Task goal — Print every line below exactly. Skip the pictures.

Exercise data —
---
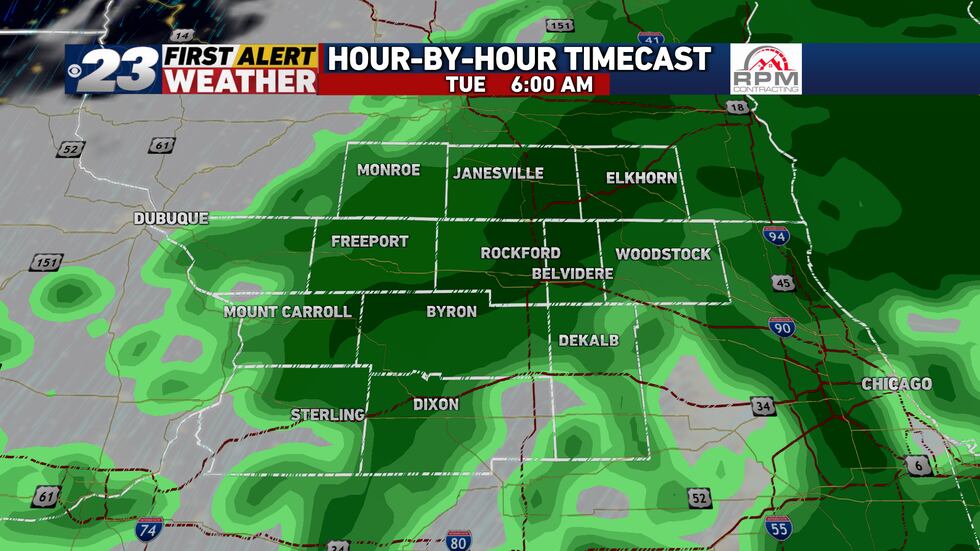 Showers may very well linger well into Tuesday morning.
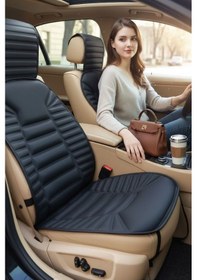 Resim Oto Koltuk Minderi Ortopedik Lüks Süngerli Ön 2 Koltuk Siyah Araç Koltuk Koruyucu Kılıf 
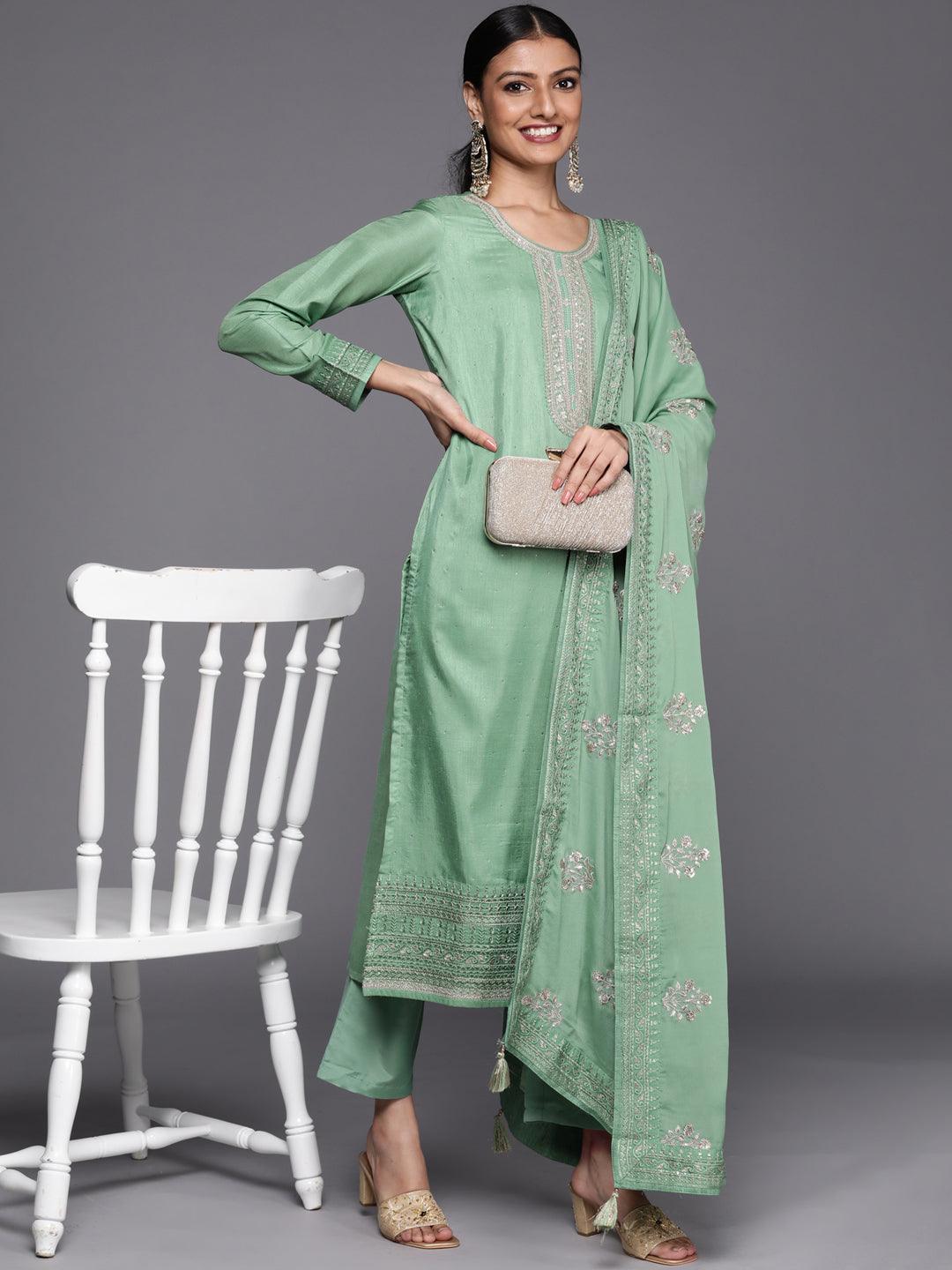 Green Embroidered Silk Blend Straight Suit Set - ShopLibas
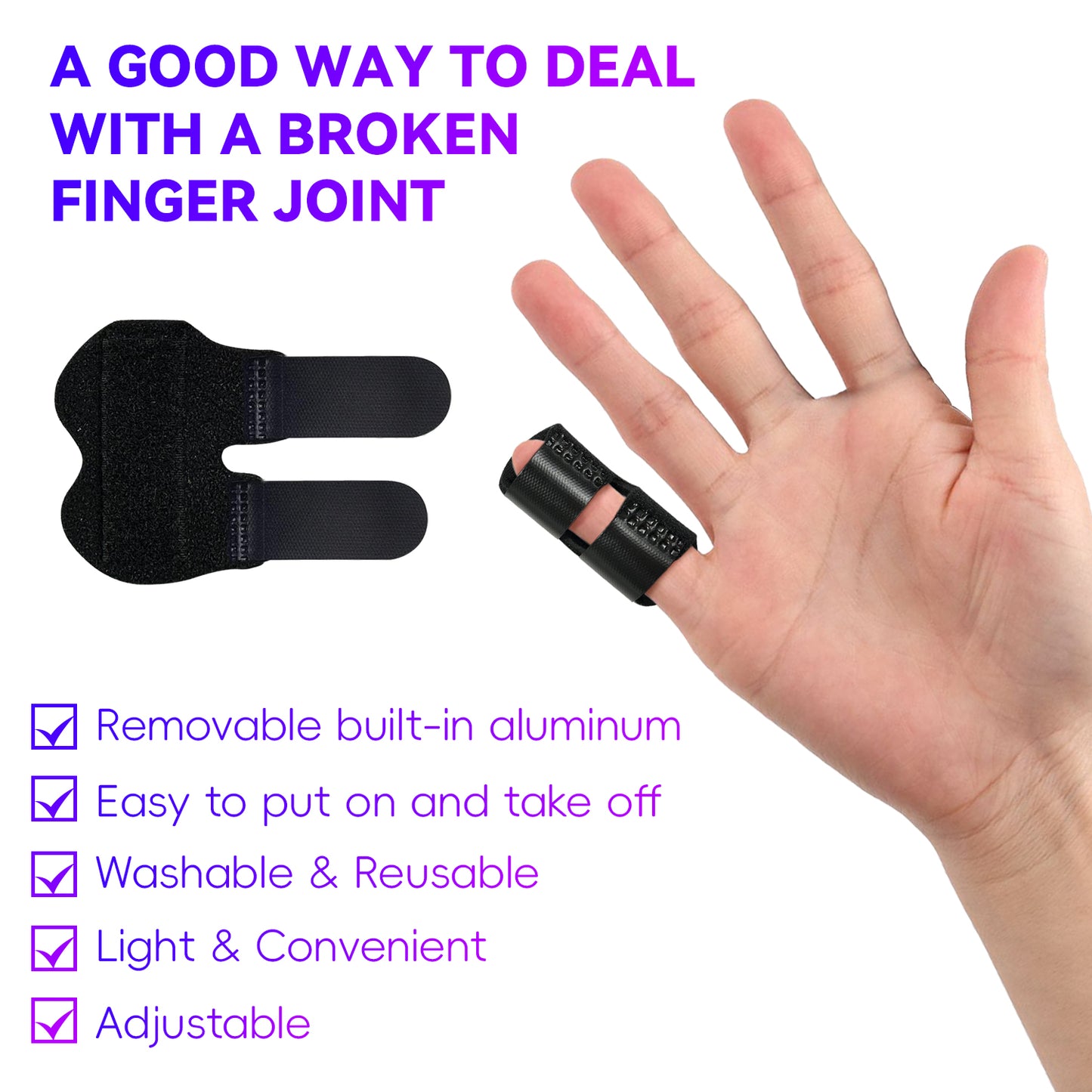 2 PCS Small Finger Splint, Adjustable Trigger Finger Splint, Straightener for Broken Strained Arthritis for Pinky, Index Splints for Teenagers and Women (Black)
---
Exercise response —
 Showers may very well linger well into Tuesday morning.
 Resim Oto Koltuk Minderi Ortopedik Lüks Süngerli Ön 2 Koltuk Siyah Araç Koltuk Koruyucu Kılıf 
 Green Embroidered Silk Blend Straight Suit Set - ShopLibas
 2 PCS Small Finger Splint, Adjustable Trigger Finger Splint, Straightener for Broken Strained Arthritis for Pinky, Index Splints for Teenagers and Women (Black)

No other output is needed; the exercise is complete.